This is a good question and you were wise to ask it because I don't think the obvious approach is the correct one.

For RNA Seq, the observed variance that you get from calculating the variance in the replicates will have a mixture of biological + technical variance.

If the libraries are good, the total variance you observe in biological replicates will be as follows:

Total variance=Biological variance + library prep and sequencing variance + Poisson variance (shot noise, counting noise) from sampling the molecules

To isolate the biological variance I would:

1) Normalize the data

2) Calculate the total variance as the variance of the normalized counts across replicates

3) ignore the library prep and sequencing variance by assuming it is zero (which is usually OK, you can also estimate it from technical replicates if you have them)

4) Estimate the poisson variance as the mean of the expression. This is because the variance of a Poisson distribution is the mean of that distribution.

5)Therefore, the biological variance of the gene can be calculated as:

Total variance=Biological variance + [zero for technical]+the observed mean expression [for Poisson]

Biological variance = Total variance - the observed mean expression

6) Then you can sort by the isolated biological variance. If you don't do this you will see a lot more variance in low expression genes, and low expression genes will appear to be more variable*** just because the noise is higher (i.e. 1 vs 2 is more likely to vary as an artifact of sampling noise than 100 vs 200, which is certainly not counting noise).

This blog explains the ideas better:
http://michelebusby.tumblr.com/post/26913184737/thinking-about-designing-rna-seq-experiments-to

The supplement here goes into depth on all the formulas:
https://academic.oup.com/bioinformatics/article/29/5/656/252753

You don't need to read the paper (trust me, I wrote it), just the first section of the supplement.
Supplement 1. Sources of variance in expression measurements

Here is a toy example in python. You can also do it in Excel (don't at me):

```
import numpy as np
measurements=[5, 10, 18]
v=np.var(measurements)
print("Observed variance:", v)
m=np.mean(measurements)
print("Mean expression:", m)
poissonVariance=m
biologicalVariance=v-poissonVariance
print("Isolated Biological Variance:", biologicalVariance)
```

Observed variance: 28.666666666666668

Mean expression: 11.0

Isolated Biological Variance: 17.666666666666668

***Itay Tirosh has some old papers in yeast looking at variability in expression and what it is correlated with but I can't remember all the details.
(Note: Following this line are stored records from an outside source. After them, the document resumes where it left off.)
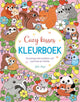 Deltas cozy kisses kleurboek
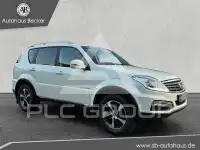 2017 Ssangyong Rexton
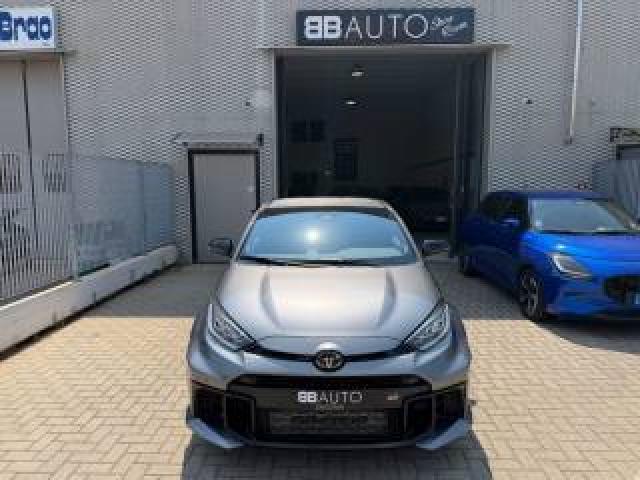 Toyota Yaris 1.6 Turbo 3 Porte Gr Yaris Circuit Dat Forgiati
Hello Michele, If I understand your approach correctly, you are calculating the total variance on assumption that the data points( normalized read counts for a certain gene across replicates) follow a normal distribution and then calculating the shot noise on assumption that the same data points follow a Poisson distribution? On another note, are three replicates enough to make assumptions about the total variance for a given gene read counts ? Thank you

I don't think you need to assume a normal distribution but I haven't looked at the theory in a while. The main thing is that you can add uncorrelated variances to get the total variance. They are probably something like a lognormal distribution but the tail is constrained by biology so you can usually assume a normal, in my opinion, and that's what I did for the application we built. Three replicates isn't great but it's what you have.